_TO DO_: Nothing but the lines from the one containing "klaudia hornyanszky business card" through the one containing "Prada Triangle Plate", both included, should be given again, each exactly as written below.
*** Opening SOURCE INFORMATION ***
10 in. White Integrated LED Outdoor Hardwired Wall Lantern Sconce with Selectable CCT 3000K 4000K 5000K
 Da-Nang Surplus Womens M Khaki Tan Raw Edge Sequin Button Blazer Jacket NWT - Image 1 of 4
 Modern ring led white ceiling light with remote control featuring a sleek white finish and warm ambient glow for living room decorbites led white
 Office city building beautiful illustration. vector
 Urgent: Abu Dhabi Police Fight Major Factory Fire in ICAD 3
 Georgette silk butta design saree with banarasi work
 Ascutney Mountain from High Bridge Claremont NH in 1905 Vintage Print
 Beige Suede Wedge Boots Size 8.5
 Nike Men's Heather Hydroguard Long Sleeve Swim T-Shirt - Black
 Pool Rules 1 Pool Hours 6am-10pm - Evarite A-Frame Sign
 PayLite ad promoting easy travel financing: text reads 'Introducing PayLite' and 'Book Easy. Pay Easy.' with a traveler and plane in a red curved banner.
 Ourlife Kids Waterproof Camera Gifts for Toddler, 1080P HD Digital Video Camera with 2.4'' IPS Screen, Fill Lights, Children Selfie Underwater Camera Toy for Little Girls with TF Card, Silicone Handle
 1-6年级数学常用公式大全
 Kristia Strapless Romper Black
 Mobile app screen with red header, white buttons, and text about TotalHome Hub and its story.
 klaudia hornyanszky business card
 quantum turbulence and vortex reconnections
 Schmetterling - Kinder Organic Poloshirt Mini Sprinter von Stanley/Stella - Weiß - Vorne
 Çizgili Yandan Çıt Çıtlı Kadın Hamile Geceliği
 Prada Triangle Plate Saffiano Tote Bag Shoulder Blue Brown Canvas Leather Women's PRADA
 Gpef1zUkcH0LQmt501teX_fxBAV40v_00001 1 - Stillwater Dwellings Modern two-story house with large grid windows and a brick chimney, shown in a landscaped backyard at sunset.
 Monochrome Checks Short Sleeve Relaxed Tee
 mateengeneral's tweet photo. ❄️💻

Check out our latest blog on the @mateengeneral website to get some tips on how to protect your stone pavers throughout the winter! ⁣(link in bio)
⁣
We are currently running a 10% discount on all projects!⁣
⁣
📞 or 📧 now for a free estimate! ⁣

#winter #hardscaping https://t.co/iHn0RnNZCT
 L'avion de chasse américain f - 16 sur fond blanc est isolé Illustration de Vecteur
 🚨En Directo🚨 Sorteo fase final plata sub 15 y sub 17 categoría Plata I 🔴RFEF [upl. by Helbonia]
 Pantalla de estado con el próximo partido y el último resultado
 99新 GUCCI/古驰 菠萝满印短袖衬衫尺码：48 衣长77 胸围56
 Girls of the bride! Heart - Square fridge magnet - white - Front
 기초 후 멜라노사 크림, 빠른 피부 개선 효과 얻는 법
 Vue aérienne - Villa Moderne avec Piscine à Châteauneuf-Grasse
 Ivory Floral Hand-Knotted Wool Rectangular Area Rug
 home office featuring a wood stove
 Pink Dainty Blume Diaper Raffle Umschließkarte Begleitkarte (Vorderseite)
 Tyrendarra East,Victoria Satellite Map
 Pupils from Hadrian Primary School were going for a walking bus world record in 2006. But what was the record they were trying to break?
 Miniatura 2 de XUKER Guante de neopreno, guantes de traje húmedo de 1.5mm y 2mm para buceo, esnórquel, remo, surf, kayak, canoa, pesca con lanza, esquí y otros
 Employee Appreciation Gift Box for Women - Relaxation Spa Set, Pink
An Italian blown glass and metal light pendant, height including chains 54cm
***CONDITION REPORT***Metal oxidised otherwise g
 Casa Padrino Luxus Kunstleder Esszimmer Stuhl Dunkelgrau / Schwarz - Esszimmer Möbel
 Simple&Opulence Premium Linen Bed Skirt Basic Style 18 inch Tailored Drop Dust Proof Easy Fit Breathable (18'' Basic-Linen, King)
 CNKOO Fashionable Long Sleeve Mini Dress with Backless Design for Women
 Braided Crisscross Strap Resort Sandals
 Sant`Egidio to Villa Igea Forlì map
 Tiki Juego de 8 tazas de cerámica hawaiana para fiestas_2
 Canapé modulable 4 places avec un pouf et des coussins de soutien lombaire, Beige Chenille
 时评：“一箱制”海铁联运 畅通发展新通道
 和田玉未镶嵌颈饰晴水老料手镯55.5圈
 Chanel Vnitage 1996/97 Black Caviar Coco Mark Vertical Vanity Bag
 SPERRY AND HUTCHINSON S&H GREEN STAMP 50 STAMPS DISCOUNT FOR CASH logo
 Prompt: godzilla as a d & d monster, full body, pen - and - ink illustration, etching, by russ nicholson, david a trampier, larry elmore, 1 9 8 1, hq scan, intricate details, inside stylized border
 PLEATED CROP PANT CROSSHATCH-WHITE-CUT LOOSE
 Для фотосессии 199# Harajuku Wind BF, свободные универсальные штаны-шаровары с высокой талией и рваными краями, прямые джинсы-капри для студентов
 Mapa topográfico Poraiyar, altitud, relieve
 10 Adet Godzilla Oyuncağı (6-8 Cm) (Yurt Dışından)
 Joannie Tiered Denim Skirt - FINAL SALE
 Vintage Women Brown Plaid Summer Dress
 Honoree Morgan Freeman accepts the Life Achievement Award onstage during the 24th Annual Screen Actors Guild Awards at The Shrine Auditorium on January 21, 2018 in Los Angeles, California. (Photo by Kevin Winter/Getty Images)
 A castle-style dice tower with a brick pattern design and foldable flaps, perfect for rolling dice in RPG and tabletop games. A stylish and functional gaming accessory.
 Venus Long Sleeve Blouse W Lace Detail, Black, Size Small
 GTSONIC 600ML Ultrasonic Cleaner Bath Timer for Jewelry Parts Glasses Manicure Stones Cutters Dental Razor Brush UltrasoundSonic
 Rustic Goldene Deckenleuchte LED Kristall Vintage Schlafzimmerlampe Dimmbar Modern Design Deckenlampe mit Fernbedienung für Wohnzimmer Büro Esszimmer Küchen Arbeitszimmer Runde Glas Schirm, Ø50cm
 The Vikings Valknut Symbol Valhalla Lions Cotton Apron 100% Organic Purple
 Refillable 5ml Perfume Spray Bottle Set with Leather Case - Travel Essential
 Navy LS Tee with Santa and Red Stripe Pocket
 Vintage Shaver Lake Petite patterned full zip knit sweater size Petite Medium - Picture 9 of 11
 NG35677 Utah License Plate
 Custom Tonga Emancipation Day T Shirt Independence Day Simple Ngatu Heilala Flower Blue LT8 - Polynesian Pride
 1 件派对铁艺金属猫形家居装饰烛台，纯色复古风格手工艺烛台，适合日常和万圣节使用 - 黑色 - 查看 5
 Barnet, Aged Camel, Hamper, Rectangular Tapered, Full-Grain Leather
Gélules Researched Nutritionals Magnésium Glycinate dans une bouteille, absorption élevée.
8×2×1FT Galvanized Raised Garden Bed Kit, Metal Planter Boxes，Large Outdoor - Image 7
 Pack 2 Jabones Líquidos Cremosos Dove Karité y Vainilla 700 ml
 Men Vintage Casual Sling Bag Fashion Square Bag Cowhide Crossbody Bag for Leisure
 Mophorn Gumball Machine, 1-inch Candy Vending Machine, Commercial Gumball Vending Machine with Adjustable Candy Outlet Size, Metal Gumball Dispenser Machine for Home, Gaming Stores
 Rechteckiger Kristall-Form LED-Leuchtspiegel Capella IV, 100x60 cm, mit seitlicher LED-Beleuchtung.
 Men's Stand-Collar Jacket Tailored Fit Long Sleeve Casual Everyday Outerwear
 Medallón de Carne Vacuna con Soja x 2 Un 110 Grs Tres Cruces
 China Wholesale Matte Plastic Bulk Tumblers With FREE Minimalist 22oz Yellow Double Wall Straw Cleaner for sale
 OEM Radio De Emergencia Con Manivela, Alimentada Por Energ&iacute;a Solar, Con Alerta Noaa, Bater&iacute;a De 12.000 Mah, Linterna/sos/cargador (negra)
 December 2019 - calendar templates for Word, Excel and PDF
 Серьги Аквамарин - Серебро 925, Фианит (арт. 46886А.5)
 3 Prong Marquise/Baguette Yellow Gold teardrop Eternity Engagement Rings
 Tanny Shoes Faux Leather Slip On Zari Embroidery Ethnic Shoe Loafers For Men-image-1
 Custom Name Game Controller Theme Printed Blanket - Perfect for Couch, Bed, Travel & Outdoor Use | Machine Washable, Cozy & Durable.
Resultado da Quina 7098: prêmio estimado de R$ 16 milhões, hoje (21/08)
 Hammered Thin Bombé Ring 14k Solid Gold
*** Closing SOURCE INFORMATION ***
_PROBLEM SOLUTION_:
 klaudia hornyanszky business card
 quantum turbulence and vortex reconnections
 Schmetterling - Kinder Organic Poloshirt Mini Sprinter von Stanley/Stella - Weiß - Vorne
 Çizgili Yandan Çıt Çıtlı Kadın Hamile Geceliği
 Prada Triangle Plate Saffiano Tote Bag Shoulder Blue Brown Canvas Leather Women's PRADA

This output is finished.